Govind Kelkar, Professor of Sociology at the Asian Institute of Technology in Thailand, argued that ICTs which are sweeping through Asia will soon become as important as land and capital. She reflected on the specific role of ICTs in rural areas in organizing professional roles of women and men along gendered lines rather than challenging culturally and politically embedded gender relations.

III - The debate following the panel presentations was particularly lively. Participants recommended that the effects of globalization be clearly taken into account in the Strategy for Action. They also stressed the importance and benefits of the more traditional means of communication. However, it was pointed out that rural women should also benefit from the latest technologies, so that they are not left behind. It was stated that the challenge was to integrate both the traditional and the modern means of communication for an improved dissemination of information not only on, but for rural women.

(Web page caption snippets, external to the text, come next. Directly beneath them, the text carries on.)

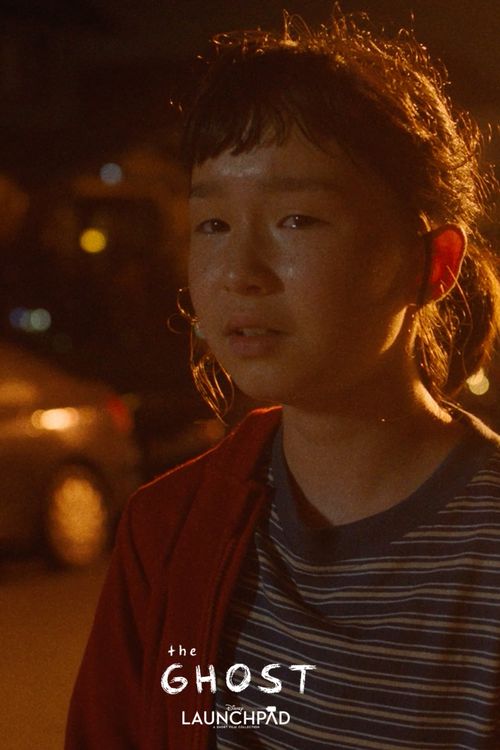 The Ghost (2023): Where to Watch and Stream Online | Reelgood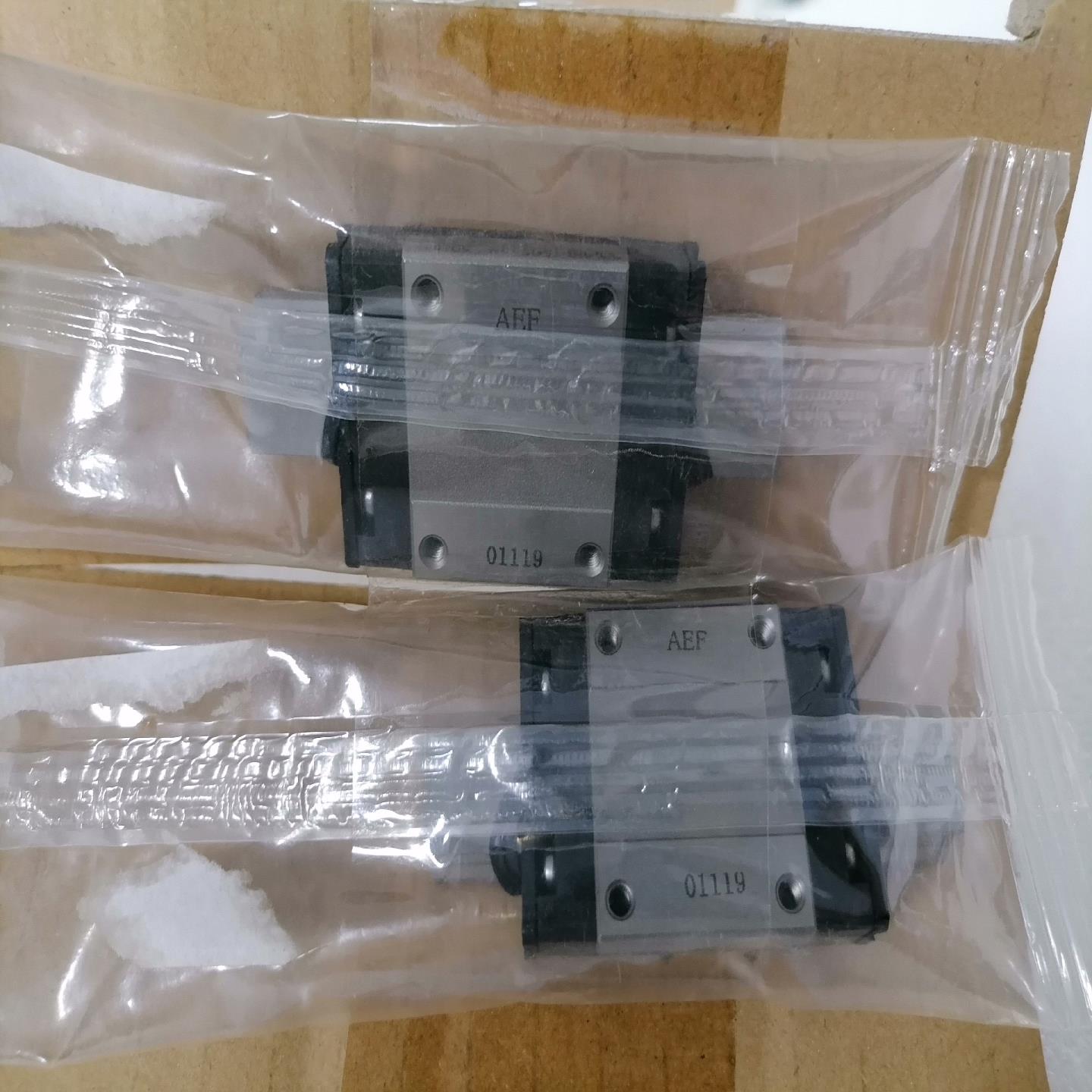 SRS15M THK滑块,5D008，点“”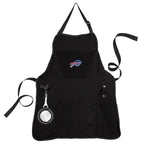 Buffalo Bills Sports Grill Apron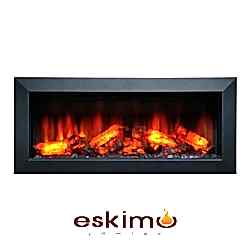 Flameline Nada KRN 100 Elektrikli Plazma Şömine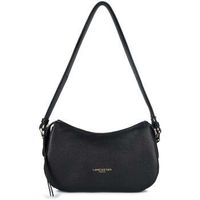 lancaster bandolera bandolera con cremallera s dune negro para mujer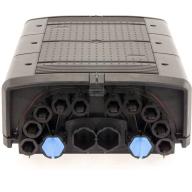 Boitier épissurage BPEO T2 EVOL EDP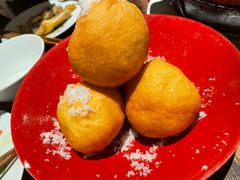 -南园民国茶楼餐厅·常州菜(北大街店)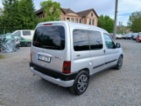 Citroën Berlingo, 1.6i, 16V, Multispace,nová STK,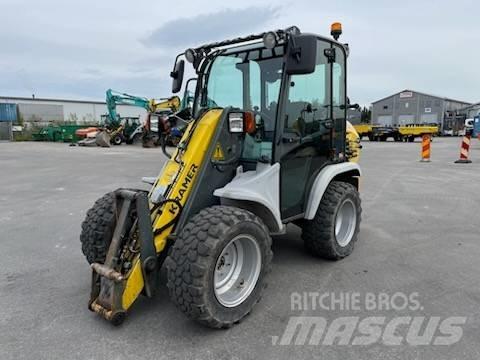 Kramer 5035 Utovarivači na točkove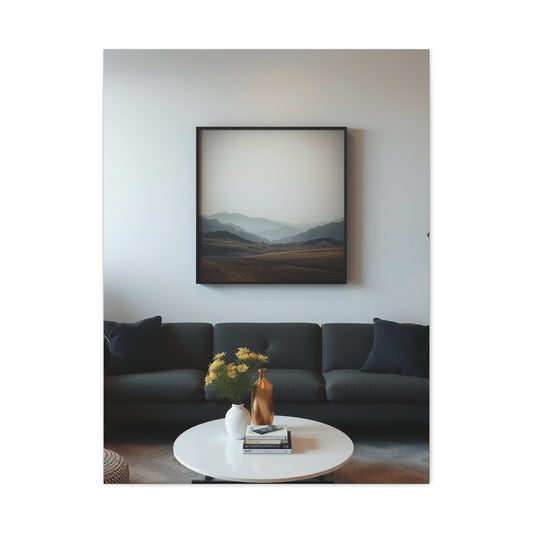 Minimalist Decor Art Canvas Art 2 Wall Art & Canvas Print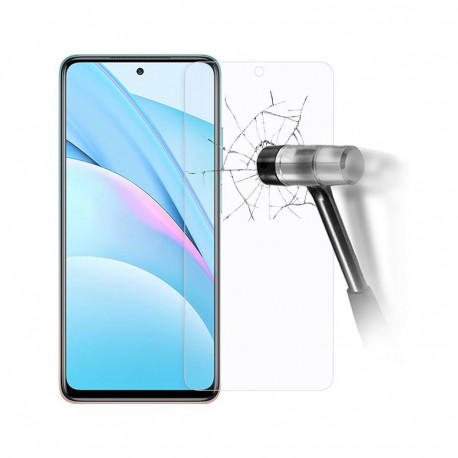 Blue Star karastatud klaasist ekraanikaitse Xiaomi Redmi K50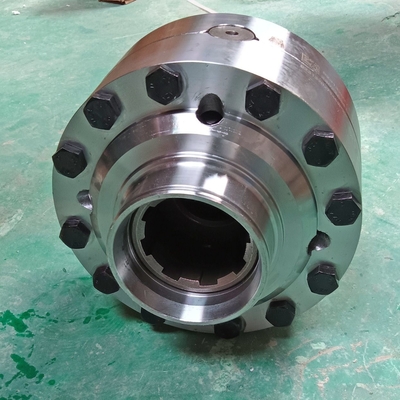سینوتروک HOWO کامیون قطعات فرعی مونتاژ تفاوتی Az9231320271 از موتور ویچای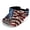 American Flag Eagle, variant on HELLHERO Red Floral Pattern Lightweight Sun Visor Hat for Tennis Hiking, Open Top Breathable Sun Visor Cap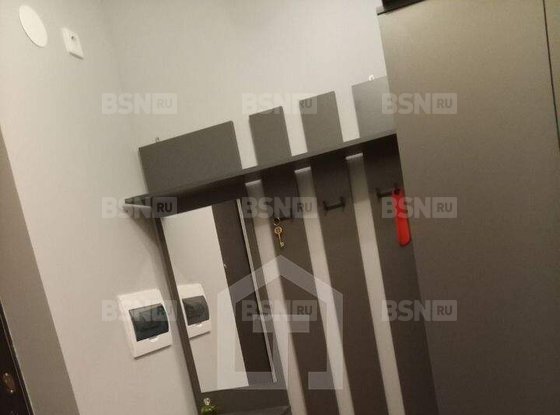 Продажа однокомнатной квартиры - Сестрорецк, Советский проспект, д.39, корп.1 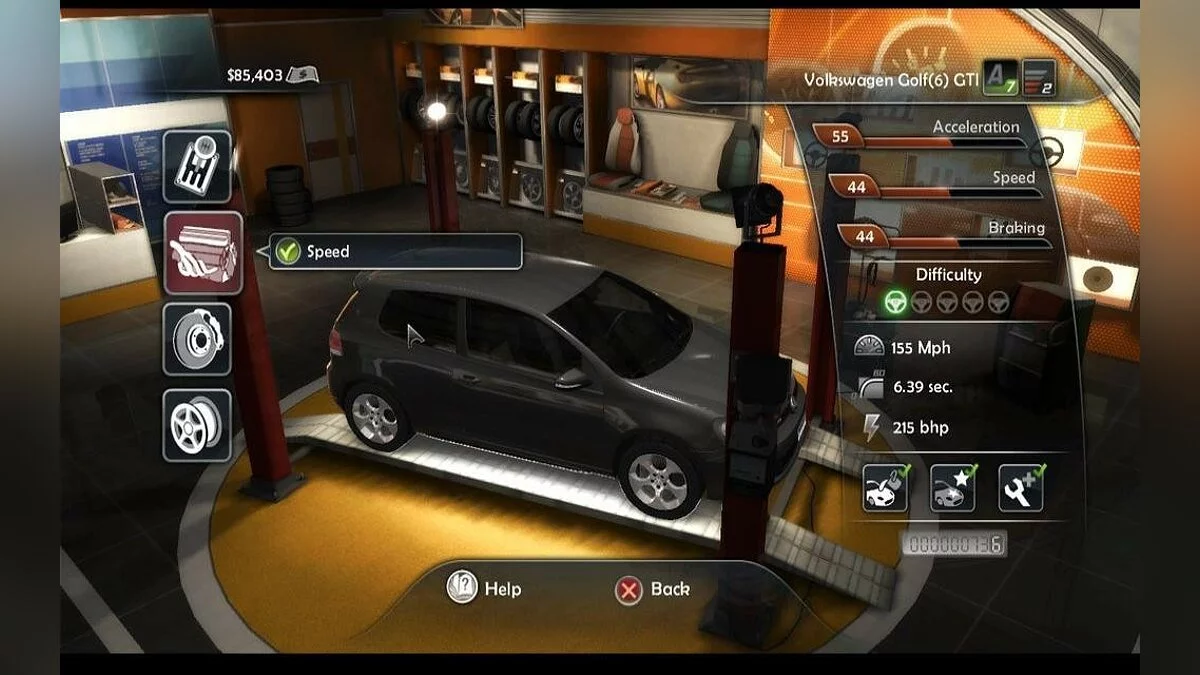 Скриншоты из Test Drive Unlimited 2 / Картинка 167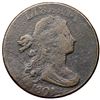 Image 2 : Trio of 1801 Cents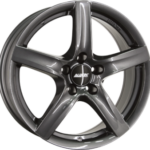 ALUTEC GRIP 5.5x14 4/100 ET43 CB63.3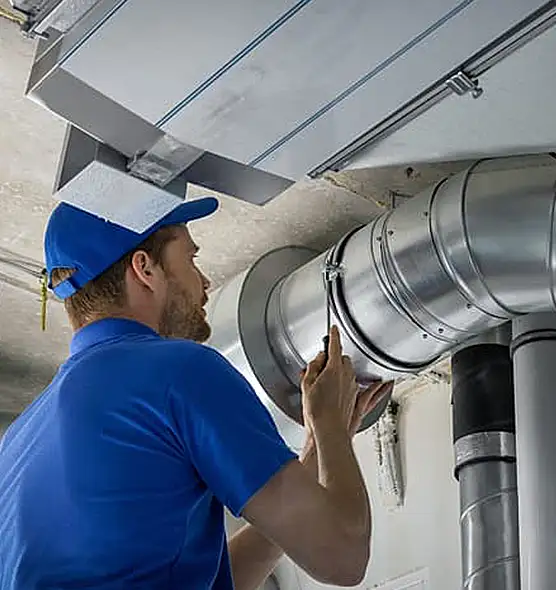 Advanced Dryer Vent Camera Inspection in Florida Ridge, FL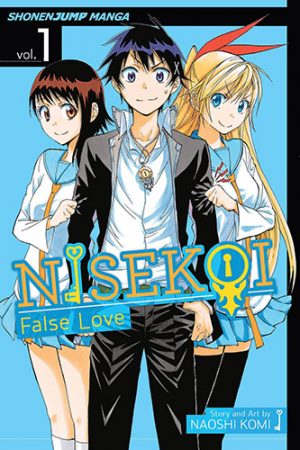 Top 10 Romantic Comedy Manga List [Best Recommendations]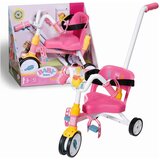 Baby Born tricikel | Shoptok.si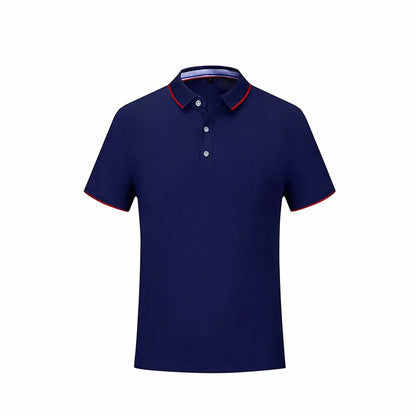 High quality 100% cotton colors custom printing polo shirt - SIKARX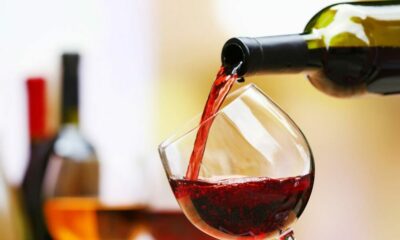 San Juan Wines Fest: Moda, vinos y rock se fusionan para una increíble noche.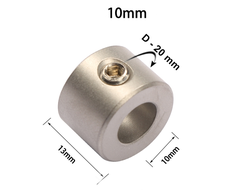 Ограничитель для сверла 10 мм.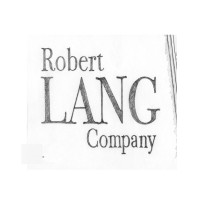 Robert Lang Company logo - Similar company to Orikrit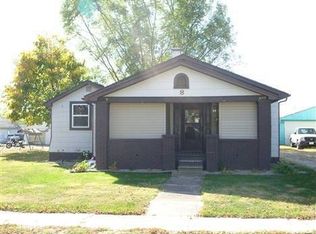 8 E 10th St, Danville, IL 61832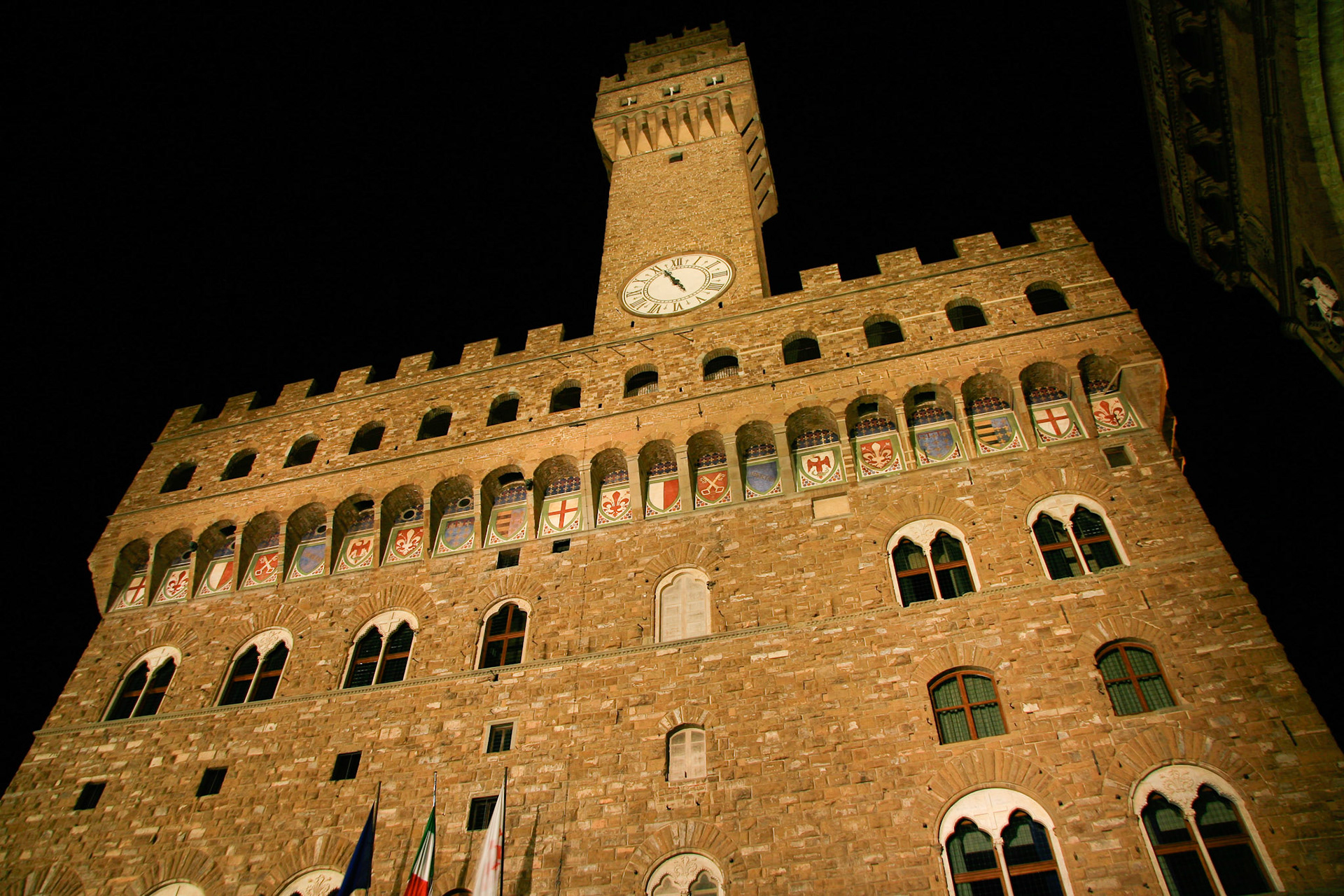 Palazzo Vecchio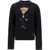 Ralph Lauren Wool And Cashmere Polo Bear Pullover POLO BLACK MULTI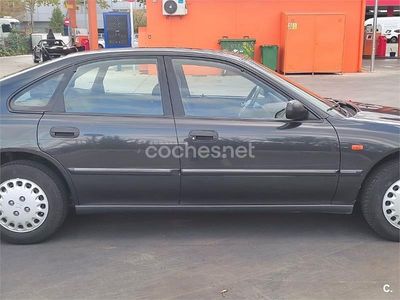 Negro Usado 1996 Honda Accord Berlina | 5000 €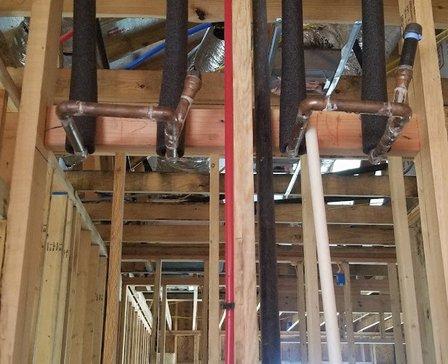 Stafford Plumbing Inc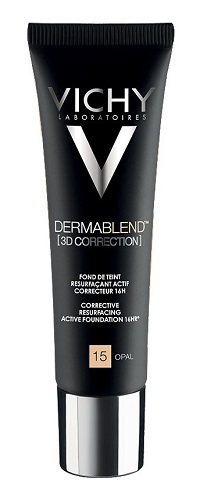 DERMABLEND 3D 15 30 ML - Farmacia Bartoli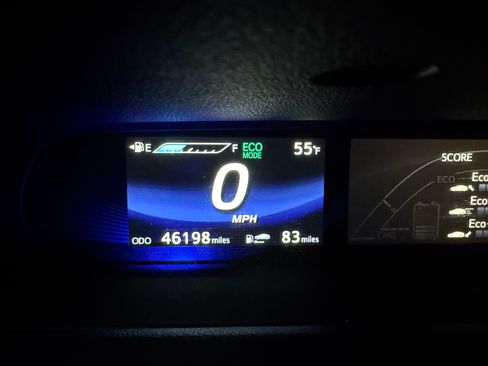 Used 2019 Toyota Mirai image 12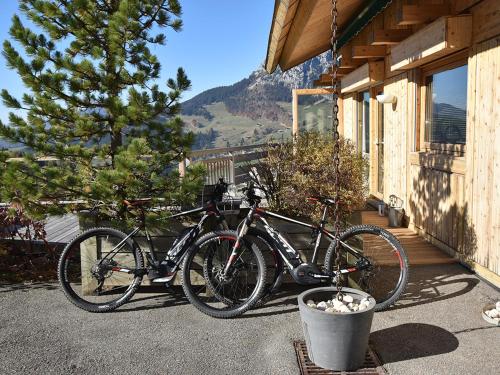 Chalet Le Grand-Bornand 6 pièces 11 personnes - FR-1-467-68 - image 14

IV - In her conclusion, the Moderator summarized the panelists' contributions and the main points made during the discussion with the audience. Ms King underlined the importance of recognizing rural women as planners as well as sources and end-users of information. She reiterated the need for governments' commitment to allocate more resources for gender sensitive planning and communication policies. Ms King also encouraged governments and international organizations to promote ways of attracting the media's attention and interest in issues related to rural development and food security. She stated the need to establish networks that would facilitate rural women's full participation in decision-making processes.

In her closing remarks, the Moderator referred to the diversity of critical issues raised during the panel discussion, including: the cost effectiveness of information technologies in rural areas; access of rural women to resources, including information; the impact of war; violence against women; the need to foster strong partnerships between women and men in all aspects of rural life.